What you need to do = In the material below, find the line with "image for item" and the line with "2 Beds 1 Bedroom Sleeps 4 - Stratford". Output exactly those two lines and all lines between them, leaving out pictures.
━━━ Data for review ━━━
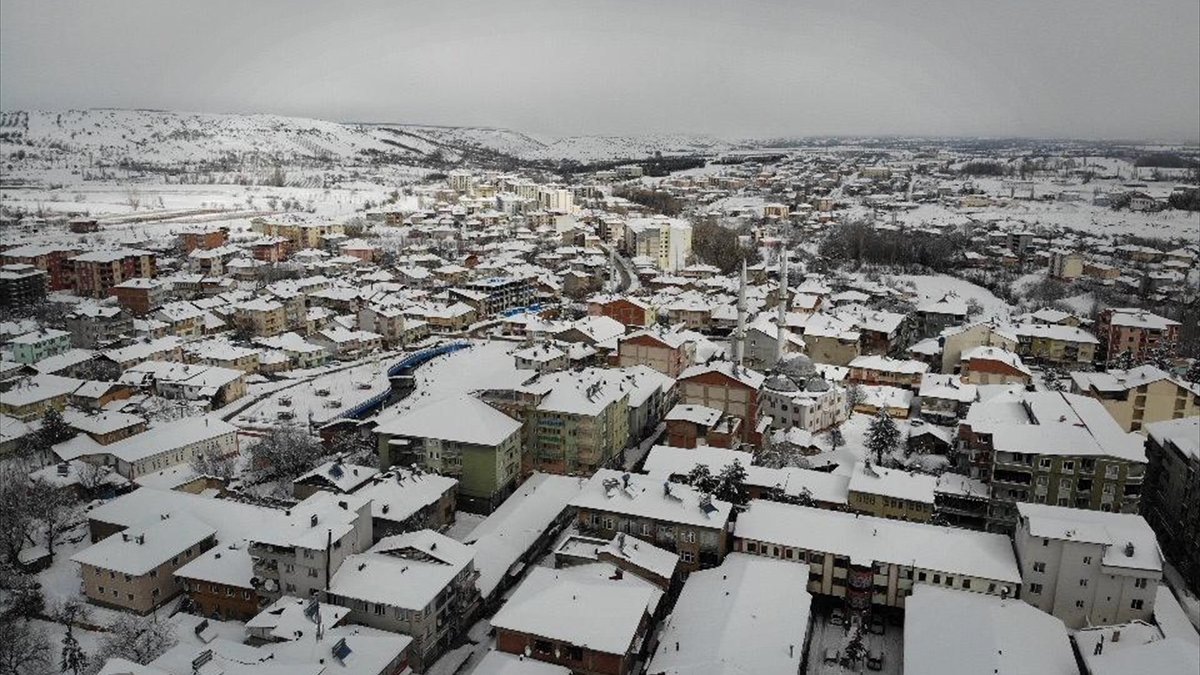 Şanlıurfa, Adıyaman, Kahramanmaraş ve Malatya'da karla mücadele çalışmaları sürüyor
━━━
━━━ Data for review ━━━
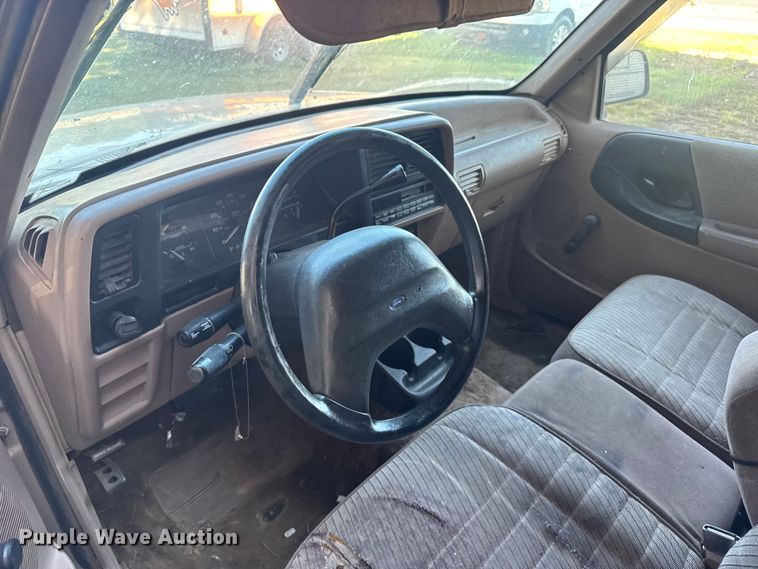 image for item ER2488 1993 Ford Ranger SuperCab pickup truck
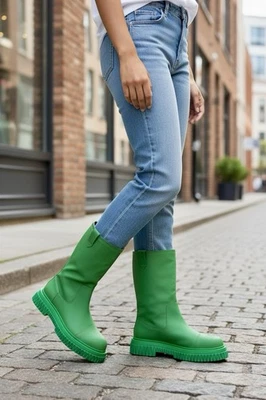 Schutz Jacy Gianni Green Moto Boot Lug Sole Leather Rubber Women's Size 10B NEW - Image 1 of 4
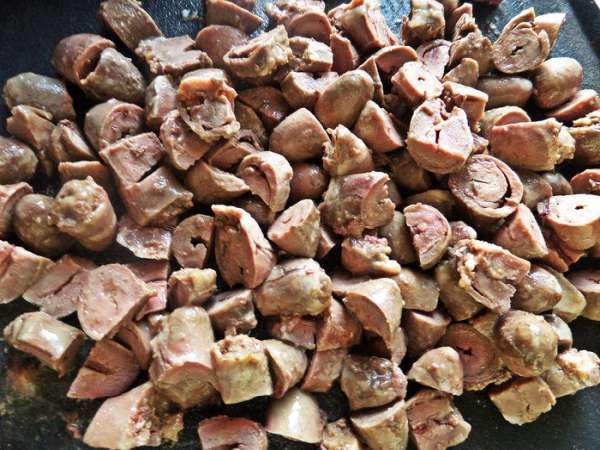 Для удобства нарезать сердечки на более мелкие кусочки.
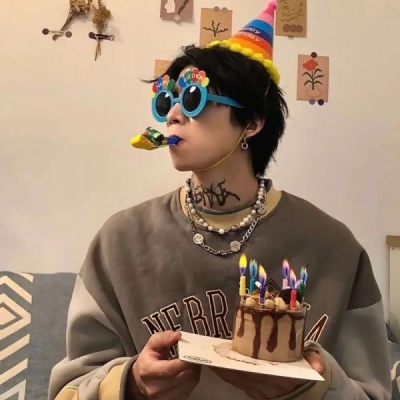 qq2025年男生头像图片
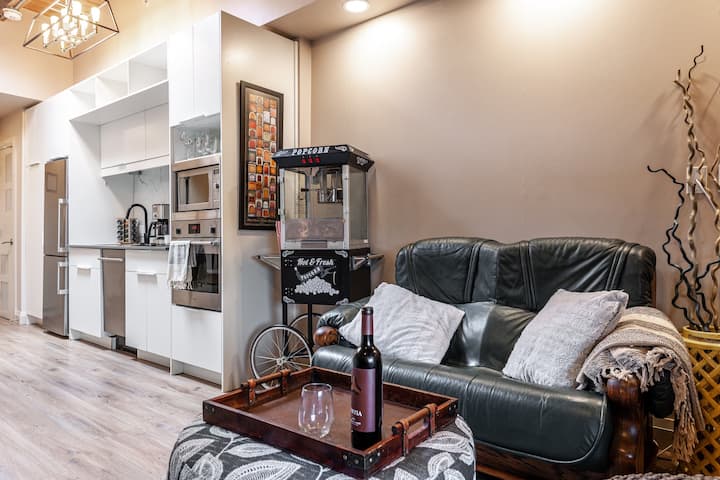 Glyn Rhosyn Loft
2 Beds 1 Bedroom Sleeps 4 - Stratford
━━━
Solution for this problem =
 image for item ER2488 1993 Ford Ranger SuperCab pickup truck
 Schutz Jacy Gianni Green Moto Boot Lug Sole Leather Rubber Women's Size 10B NEW - Image 1 of 4
 Для удобства нарезать сердечки на более мелкие кусочки.
 qq2025年男生头像图片
 Glyn Rhosyn Loft
2 Beds 1 Bedroom Sleeps 4 - Stratford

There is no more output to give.